Die Qualität im öffentlichen Raum soll mit der Regulierung des Straßenverkaufs und von Souvenirstandln erhalten werden. Tourismus-Betriebe mit Umweltzeichen sollen sich von 112 auf 224 verdoppeln. Der Anteil der Reisenden per Zug soll sich bis 2015 von 21 auf 26 Prozent erhöhen, dafür die Autoanreisezahlen um 5 Prozent verringern. Die Stadt Wien setzt hier etwa auf Nachtzugverbindungen. Auch wenn klar ist, dass gerade zahlungskräftiges Klientel weiter vorwiegend per Flugzeug anreist. In Sachen Mobilität soll es auch spezielle Tickets für Kongress- und Messebesucher geben.

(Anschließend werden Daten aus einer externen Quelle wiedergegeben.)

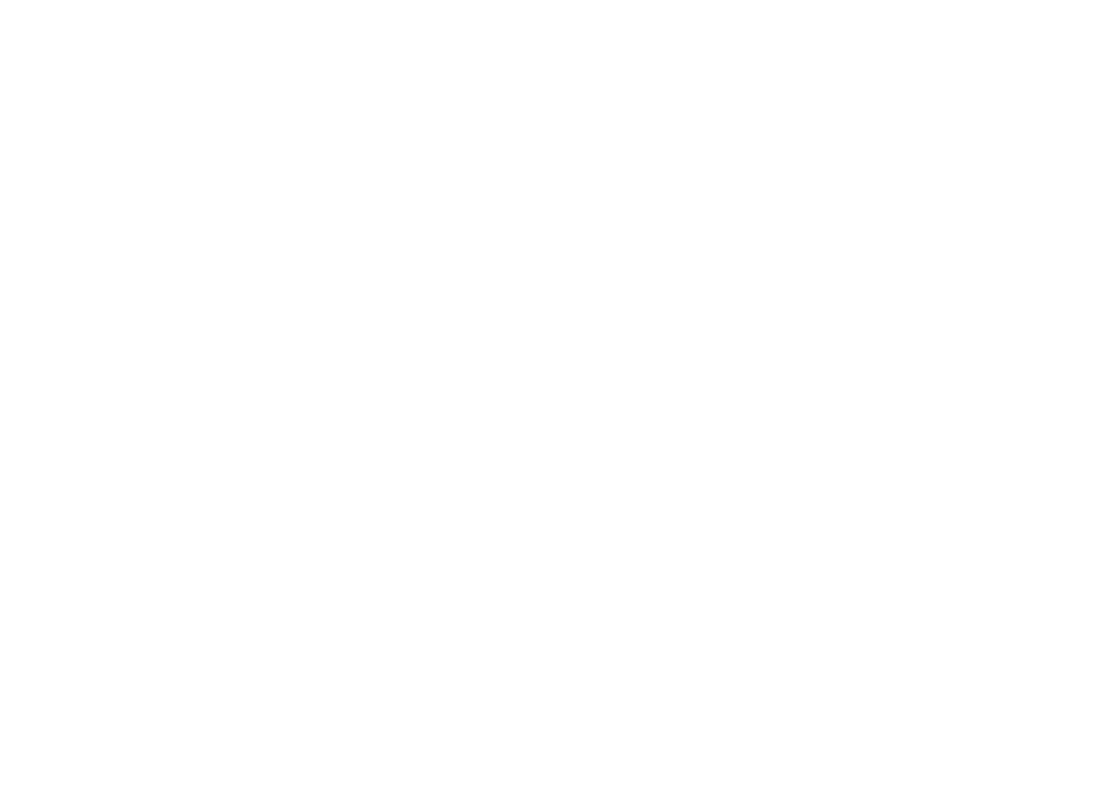 Automatische Rolle-zu-Rolle-Laser-Schneidmaschine FC600-B-A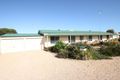 Property photo of 12 Lyndon Avenue Moonta Bay SA 5558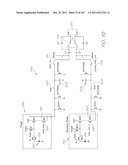 PORTABLE TEST MODULE FOR EXCITATION OF ELECTROCHEMILUMINESCENT PROBES diagram and image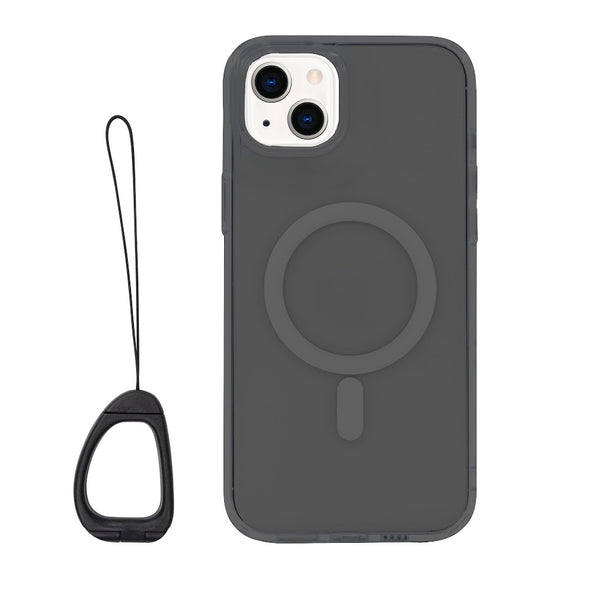 TORRII TORERO(MagSafe) for iPhone 14 Plus (6.7”)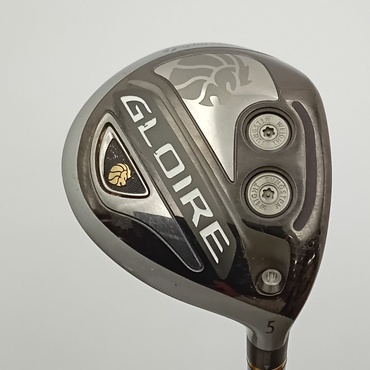GLOIRE　(2014) 5W 18°  S GL2200
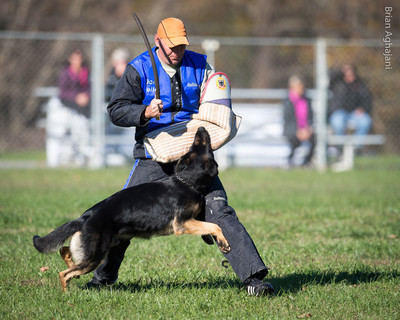 20151114_#10507_USCA.Nationals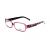 GLASSES EMILIO PUCCI WOMAN EP265250053 (Lens/Bridge/Temple) 53/14/135 mm)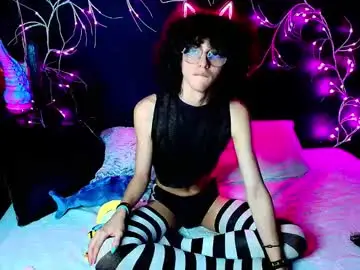 Chaturbate Best live sex cam show of noahxtar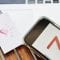 Google Is Taking Away Free Storage on Gmail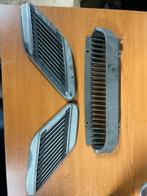 Toyota corolla  ke20 roosters gebruikt, Ophalen of Verzenden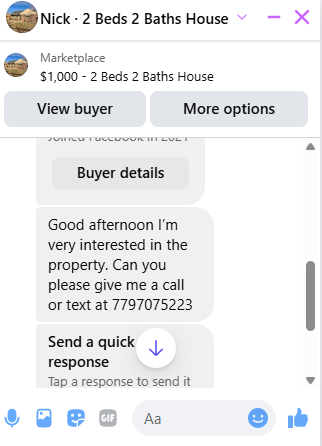 Screenshot 2026 03 28 091810.png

Trotz dieser Maßnahmen streben WienTourismus und Stadtrat für Wirtschaft, Peter Hanke, auch in Zukunft ein ordentliches Plus im Tourismus an: Der Beitrag der Branche zum Wiener BIP soll um 50 Prozent, von 4 auf 6 Milliarden Euro anwachsen, der Nächtigungsumsatz der Beherbergungsbetriebe von 900 Millionen auf 1,5 Milliarden Euro anwachsen. Die Stadt setzt hier auf zahlungskräftiges Klientel, wie die Meeting-Industrie, Luxusreisende und die LGBT-Community.

Alles freilich unter Bedingung der hohen Akzeptanz der Bevölkerung. Noch sind 9 von 10 befragten Wienern zufrieden mit dem Tourismus in ihrer Stadt - und das soll auch so bleiben.